Per Elena Marta «da anni appiccichiamo ai giovani l’etichetta del disimpegno, ma non è così. Le percentuali di giovani che fanno volontariato sono basse, ma non sono in ribasso. Negli anni il dato oscilla di poco, dal 10 al 16%, a seconda anche di quello che consideriamo. Il problema forse è che dobbiamo cambiare la lente attraverso cui guardiamo il fenomeno». Le indagini statistiche infatti si fanno con delle domande standard, che bene o male partono dal fotografare come volontario chi dedica a un’organizzazione sociale tre ore alla settimana o 20 giorni all’anno.
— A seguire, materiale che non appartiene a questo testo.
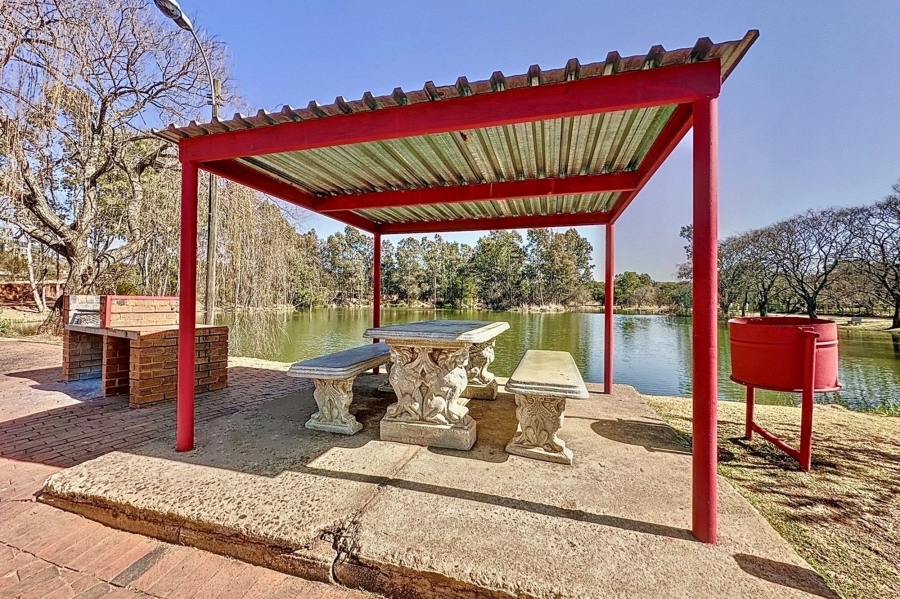 4 Bedroom Property for Sale in Mooikloof Equestrian Estate Gauteng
La professoressa Marta è netta: «Abbiamo categorie vecchie. Bisogna fare nuove domande, chiedere le cose in modo diverso, altrimenti resta fuori tutto il volontariato informale e non penso solo a ciò che passa da internet. Restano fuori l’educatore d’oratorio, i volontari dei tanti festival che da questo punto di vista hanno appassionato un numero imprevedibile di giovani volontari, l’impegno civico per l’ambiente, la raccolta differenziata, i Gas». Cose che secondo le definizioni tradizionali non sono nemmeno volontariato, ma che senza dubbio sono un’azione personale che costruisce bene comune e cittadini.
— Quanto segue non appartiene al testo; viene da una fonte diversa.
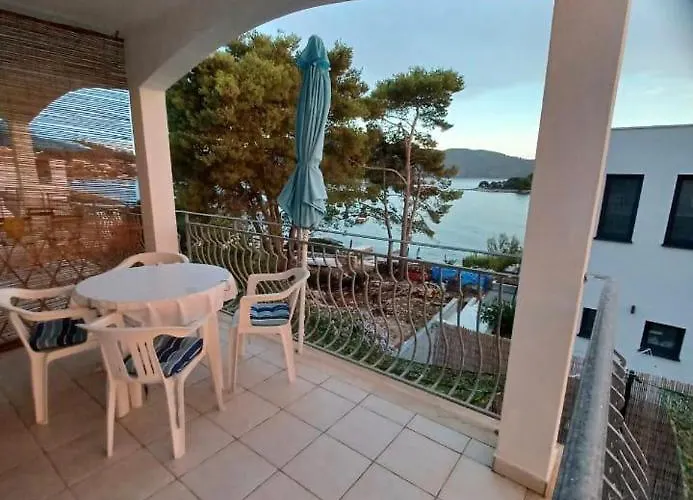 Agrumi Vela Luka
Ed ecco che alla luce di quanto avvenuto a Genova ( dove sono ormai centinaia “Gli angeli del fango”, quasi tutti giovanissimi, tutti lì per dare una mano con generosità) questi dati “sommersi” assumono rilevanza ancora maggiore: occorre interrogarsi rispetto alle “definizioni tradizionali” del mondo del volontariato, specialmente se riferite al mondo giovanile. «La novità ulteriore» precisa la professoressa «è che attraverso questo tipo di impegno l’azione sociale diventa un habitus, un modo di essere nella vita quotidiana». La stessa che ha spinto giovani e giovanissimi a spalare il fango nei vicoli di Genova.